The Sun and the Labyrinth, however, has changed a lot compared to the initial idea (which I think is still viable as a separate game).
So, for awhile now I've been thinking about a game taking place in an enormous house made out of various abandoned rooms haphazardly stitched together. People find themselves there by slipping through the cracks of reality after losing connection with the world around them. Bereft of memory, they traverse the house to regain it, and in the end face the question of whether they want to leave into the world that has rejected them (or one they rejected) or stay.
And when I say "awhile", I meant I wrote this game close to twenty years ago, and it was bad. There was Deep Lore that didn't need to be there because it was just a distraction from the core themes, the mechanics were DRYH stripped of the more interesting parts, there was a part that could make for a neat scene that was stretched to a whole section of the house... It was bad.
Now that I'm more experienced in game design and, like, understanding how to support a theme, though, I do want to revisit it because the core idea still holds an appeal to me.

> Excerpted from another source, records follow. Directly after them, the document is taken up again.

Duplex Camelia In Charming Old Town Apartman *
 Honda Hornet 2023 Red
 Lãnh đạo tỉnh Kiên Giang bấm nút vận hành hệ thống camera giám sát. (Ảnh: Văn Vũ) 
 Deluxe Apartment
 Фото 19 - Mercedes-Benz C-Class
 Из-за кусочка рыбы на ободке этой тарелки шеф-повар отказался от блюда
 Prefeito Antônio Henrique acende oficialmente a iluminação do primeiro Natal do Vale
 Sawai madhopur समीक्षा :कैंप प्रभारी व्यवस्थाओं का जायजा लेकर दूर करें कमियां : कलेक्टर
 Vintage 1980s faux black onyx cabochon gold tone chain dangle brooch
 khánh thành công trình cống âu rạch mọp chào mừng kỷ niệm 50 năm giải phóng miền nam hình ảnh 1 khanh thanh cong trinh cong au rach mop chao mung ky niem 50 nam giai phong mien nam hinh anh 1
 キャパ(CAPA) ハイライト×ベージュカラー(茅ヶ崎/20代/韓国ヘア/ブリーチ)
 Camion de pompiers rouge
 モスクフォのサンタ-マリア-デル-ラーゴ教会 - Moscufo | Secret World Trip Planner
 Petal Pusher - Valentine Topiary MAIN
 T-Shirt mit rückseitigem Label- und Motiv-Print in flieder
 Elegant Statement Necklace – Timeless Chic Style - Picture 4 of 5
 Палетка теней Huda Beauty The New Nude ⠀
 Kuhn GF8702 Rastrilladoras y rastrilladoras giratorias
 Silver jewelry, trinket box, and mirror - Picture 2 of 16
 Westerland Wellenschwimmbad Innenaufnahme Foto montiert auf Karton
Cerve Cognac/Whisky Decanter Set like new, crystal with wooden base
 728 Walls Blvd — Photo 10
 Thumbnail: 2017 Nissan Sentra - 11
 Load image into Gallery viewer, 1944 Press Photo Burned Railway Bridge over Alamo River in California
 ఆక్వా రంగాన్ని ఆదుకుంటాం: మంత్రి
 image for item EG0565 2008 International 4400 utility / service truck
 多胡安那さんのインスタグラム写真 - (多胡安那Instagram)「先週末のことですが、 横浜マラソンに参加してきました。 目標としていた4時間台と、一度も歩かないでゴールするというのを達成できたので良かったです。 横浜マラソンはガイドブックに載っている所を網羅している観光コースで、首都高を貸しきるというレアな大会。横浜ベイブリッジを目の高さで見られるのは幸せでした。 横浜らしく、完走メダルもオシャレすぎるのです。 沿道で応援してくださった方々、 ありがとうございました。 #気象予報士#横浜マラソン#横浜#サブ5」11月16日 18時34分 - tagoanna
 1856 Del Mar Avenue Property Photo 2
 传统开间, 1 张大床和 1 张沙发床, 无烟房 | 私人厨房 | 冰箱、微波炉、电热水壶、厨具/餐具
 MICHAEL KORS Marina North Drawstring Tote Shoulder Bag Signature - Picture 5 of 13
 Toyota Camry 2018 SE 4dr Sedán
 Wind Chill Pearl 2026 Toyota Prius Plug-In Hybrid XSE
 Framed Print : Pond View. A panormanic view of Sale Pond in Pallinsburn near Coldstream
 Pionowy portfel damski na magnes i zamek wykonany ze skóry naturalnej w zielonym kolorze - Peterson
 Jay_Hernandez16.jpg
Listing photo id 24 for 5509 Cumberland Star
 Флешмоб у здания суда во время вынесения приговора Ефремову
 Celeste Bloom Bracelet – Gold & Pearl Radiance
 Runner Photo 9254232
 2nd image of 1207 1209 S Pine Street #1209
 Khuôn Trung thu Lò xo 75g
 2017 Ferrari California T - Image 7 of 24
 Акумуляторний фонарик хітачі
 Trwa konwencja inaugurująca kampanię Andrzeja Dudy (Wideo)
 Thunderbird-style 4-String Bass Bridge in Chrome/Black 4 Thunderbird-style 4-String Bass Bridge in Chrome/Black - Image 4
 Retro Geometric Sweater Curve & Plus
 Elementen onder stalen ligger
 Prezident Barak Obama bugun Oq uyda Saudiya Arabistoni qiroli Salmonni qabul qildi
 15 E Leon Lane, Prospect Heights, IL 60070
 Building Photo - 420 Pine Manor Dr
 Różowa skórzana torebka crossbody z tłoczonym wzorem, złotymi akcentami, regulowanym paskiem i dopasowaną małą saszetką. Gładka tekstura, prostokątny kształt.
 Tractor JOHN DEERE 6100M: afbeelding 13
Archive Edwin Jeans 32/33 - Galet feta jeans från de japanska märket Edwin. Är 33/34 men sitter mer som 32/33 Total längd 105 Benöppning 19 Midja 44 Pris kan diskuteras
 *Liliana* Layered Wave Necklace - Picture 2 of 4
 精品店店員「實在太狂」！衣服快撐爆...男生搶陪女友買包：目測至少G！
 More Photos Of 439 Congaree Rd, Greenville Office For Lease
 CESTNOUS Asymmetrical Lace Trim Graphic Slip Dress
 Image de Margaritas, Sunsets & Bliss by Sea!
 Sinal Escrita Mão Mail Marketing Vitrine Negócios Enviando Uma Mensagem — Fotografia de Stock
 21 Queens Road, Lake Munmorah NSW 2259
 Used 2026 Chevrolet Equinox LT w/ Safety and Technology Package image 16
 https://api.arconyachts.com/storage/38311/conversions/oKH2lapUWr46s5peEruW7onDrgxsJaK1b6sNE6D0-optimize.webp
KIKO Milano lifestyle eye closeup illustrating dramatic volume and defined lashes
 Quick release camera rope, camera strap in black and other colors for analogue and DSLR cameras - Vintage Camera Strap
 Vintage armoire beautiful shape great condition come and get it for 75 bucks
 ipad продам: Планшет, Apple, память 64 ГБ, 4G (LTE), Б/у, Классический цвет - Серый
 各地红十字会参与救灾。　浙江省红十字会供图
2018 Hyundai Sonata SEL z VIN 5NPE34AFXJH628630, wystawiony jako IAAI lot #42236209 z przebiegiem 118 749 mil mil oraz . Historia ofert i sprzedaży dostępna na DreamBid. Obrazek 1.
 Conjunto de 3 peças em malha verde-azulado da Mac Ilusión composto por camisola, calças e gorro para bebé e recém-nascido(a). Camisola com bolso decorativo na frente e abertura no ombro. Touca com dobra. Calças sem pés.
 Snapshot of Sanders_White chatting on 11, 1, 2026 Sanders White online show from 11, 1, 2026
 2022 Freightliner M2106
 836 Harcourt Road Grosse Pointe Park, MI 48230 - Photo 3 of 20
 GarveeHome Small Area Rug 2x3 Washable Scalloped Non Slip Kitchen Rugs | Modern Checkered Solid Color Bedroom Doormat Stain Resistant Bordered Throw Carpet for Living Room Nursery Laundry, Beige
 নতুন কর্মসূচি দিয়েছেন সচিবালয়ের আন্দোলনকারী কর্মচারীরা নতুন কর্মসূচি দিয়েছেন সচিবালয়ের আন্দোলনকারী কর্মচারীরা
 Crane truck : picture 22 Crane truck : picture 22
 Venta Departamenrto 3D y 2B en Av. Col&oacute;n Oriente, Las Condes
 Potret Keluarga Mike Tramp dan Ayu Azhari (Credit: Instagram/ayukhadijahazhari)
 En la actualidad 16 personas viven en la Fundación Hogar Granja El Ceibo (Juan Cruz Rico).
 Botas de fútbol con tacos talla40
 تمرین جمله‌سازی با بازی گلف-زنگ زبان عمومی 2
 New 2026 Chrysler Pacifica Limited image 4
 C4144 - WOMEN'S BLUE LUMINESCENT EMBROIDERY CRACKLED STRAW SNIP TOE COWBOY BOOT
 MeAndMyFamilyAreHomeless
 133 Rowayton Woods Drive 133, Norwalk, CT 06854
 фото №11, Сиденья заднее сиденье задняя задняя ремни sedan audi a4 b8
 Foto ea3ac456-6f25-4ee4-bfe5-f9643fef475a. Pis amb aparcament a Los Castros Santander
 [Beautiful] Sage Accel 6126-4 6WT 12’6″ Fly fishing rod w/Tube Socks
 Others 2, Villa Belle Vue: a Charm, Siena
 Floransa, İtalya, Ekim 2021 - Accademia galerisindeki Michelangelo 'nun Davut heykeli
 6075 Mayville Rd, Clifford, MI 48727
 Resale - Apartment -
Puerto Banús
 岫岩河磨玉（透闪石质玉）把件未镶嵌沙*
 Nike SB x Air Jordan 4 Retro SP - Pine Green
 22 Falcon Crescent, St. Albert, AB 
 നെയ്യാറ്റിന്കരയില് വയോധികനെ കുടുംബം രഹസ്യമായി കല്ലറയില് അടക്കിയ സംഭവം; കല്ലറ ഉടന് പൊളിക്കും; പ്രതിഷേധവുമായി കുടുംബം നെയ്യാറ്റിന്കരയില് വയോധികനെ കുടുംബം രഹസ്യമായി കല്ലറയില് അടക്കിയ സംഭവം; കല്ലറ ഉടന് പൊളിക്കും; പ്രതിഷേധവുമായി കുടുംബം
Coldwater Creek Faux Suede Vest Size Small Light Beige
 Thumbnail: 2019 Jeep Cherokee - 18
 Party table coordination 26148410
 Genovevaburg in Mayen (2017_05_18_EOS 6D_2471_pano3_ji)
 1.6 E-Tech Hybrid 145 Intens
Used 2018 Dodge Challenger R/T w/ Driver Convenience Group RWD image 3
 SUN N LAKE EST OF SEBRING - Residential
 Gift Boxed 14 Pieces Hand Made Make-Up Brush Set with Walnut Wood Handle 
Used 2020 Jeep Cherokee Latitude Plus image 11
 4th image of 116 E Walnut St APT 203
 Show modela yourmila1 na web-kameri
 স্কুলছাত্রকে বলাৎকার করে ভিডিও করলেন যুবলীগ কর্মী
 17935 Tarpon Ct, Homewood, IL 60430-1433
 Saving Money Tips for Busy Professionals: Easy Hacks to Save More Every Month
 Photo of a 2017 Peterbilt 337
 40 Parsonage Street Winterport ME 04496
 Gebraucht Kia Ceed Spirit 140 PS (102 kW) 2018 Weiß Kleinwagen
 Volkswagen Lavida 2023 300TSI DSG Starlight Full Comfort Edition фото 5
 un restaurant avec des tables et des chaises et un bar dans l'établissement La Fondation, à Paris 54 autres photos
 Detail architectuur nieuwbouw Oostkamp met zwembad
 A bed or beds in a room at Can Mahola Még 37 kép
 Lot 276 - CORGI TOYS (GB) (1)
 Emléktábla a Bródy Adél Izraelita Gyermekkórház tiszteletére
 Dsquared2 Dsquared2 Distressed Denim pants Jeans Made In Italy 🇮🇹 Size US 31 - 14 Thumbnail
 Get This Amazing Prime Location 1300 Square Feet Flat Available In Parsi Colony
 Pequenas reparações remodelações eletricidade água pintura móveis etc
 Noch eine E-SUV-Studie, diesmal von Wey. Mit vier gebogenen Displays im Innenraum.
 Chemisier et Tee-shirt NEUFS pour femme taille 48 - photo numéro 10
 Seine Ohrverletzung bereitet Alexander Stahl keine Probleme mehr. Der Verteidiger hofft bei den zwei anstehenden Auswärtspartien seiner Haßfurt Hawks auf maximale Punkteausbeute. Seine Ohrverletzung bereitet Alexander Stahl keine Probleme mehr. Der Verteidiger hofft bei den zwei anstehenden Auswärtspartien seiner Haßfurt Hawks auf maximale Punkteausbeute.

In my musing I have not yet settled on specific core mechanics, but I do know that I want Echo to play a major part of. In that game, I envision it working close to Dark fate from the Mountain Witch, a way for players to constantly introduce various setting elements reflecting their characters' forgotten lives that by the end should cohere into a solid picture.
When this contest was announced, I figured I'd use that as a basis for my entry, buuuut the issue is that Echo/Dark Fate is a narratively complex mechanic that really needs explaining to shine, especially in how the GM is meant to facilitate its use. If I had ten pages, I'd have managed to do it, most likely, but not with one. Also it would be hard to fit in the theme of the sun there, lol.
So I turned to another long-standing bugbear of mine, the Corners, a place of decay without release where the dead and forgotten fall and try to escape by stealing sparks of life from others before all that's left of them is an echo endlessly repeating "I am I", incapable of doing or thinking anything else yet conscious of its condition.
This one had potential in this contest since I could work in the sun theme pretty naturally as yearning for everything lost in death.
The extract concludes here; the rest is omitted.